> _To do_
Only one span of the material below is wanted. Output it exactly, from the line with "3-teiliges rückenfreies Neckholder-Bikini-Set" through the line with "Women's Belt with", without any pictures.

> _Provided data_

BEGIN

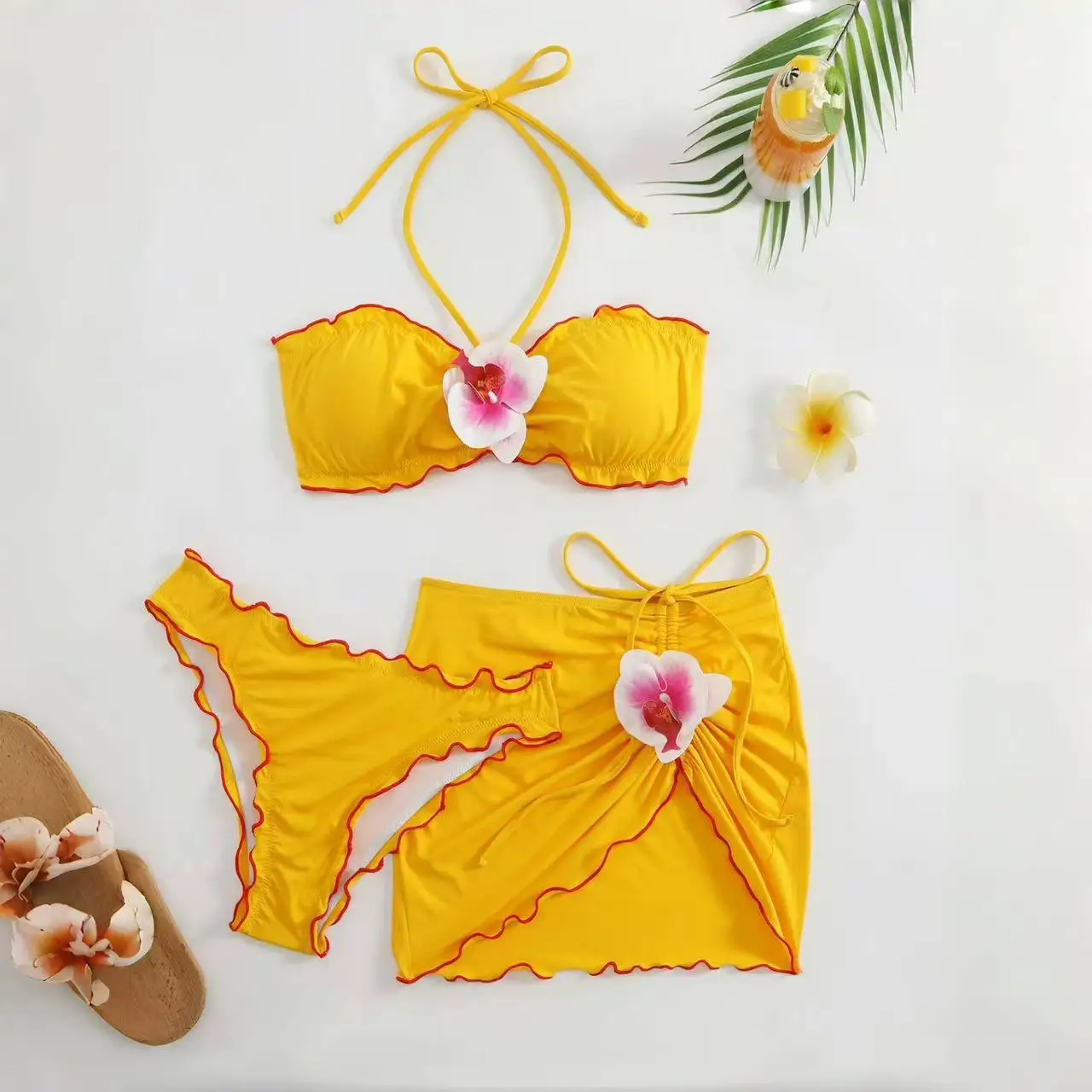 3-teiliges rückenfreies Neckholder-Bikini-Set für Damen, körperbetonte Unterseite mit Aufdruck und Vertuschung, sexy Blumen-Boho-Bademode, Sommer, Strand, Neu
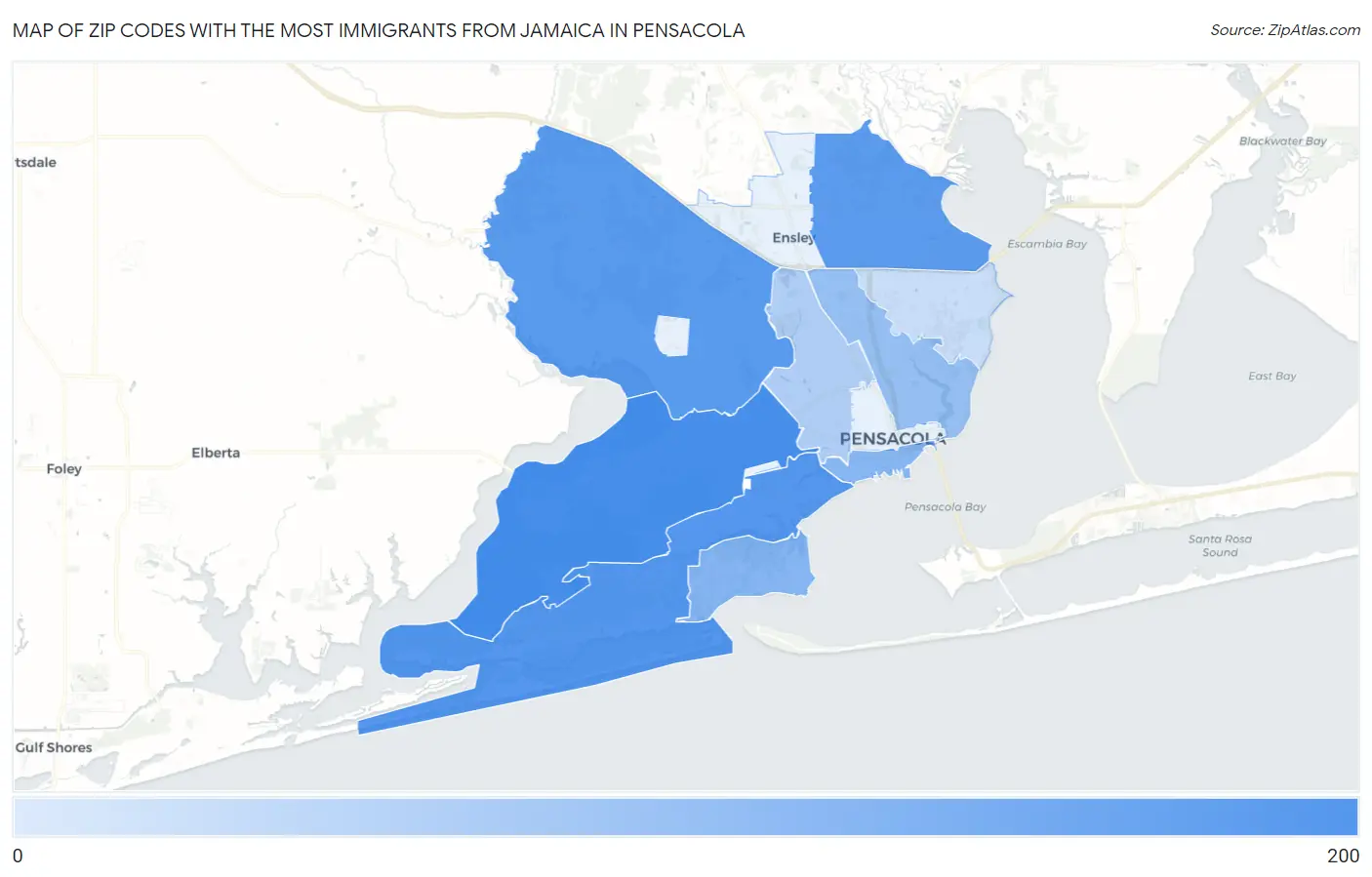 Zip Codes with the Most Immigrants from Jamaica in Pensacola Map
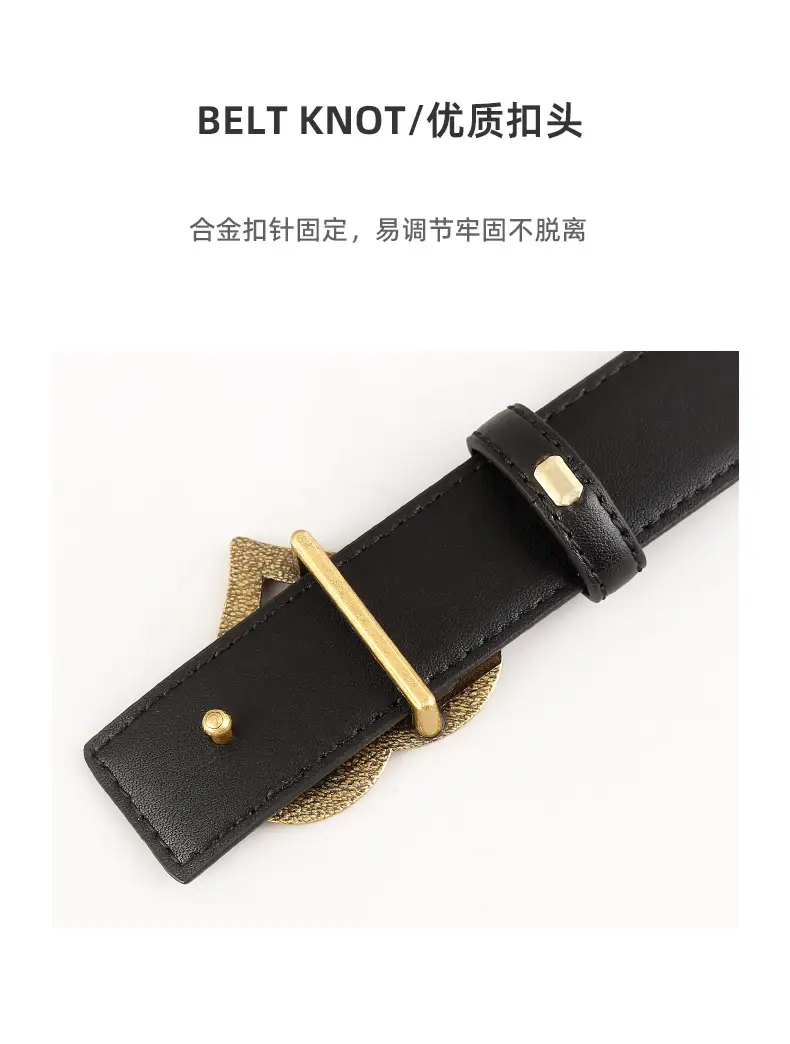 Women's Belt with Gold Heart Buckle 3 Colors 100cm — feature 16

END
BEGIN

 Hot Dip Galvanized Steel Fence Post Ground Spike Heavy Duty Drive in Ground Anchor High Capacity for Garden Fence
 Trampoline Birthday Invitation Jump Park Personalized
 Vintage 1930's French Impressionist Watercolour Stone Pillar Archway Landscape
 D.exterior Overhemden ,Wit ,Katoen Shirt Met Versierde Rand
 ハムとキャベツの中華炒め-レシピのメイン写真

END

> _Task result_
 3-teiliges rückenfreies Neckholder-Bikini-Set für Damen, körperbetonte Unterseite mit Aufdruck und Vertuschung, sexy Blumen-Boho-Bademode, Sommer, Strand, Neu
 Zip Codes with the Most Immigrants from Jamaica in Pensacola Map
 Women's Belt with Gold Heart Buckle 3 Colors 100cm — feature 16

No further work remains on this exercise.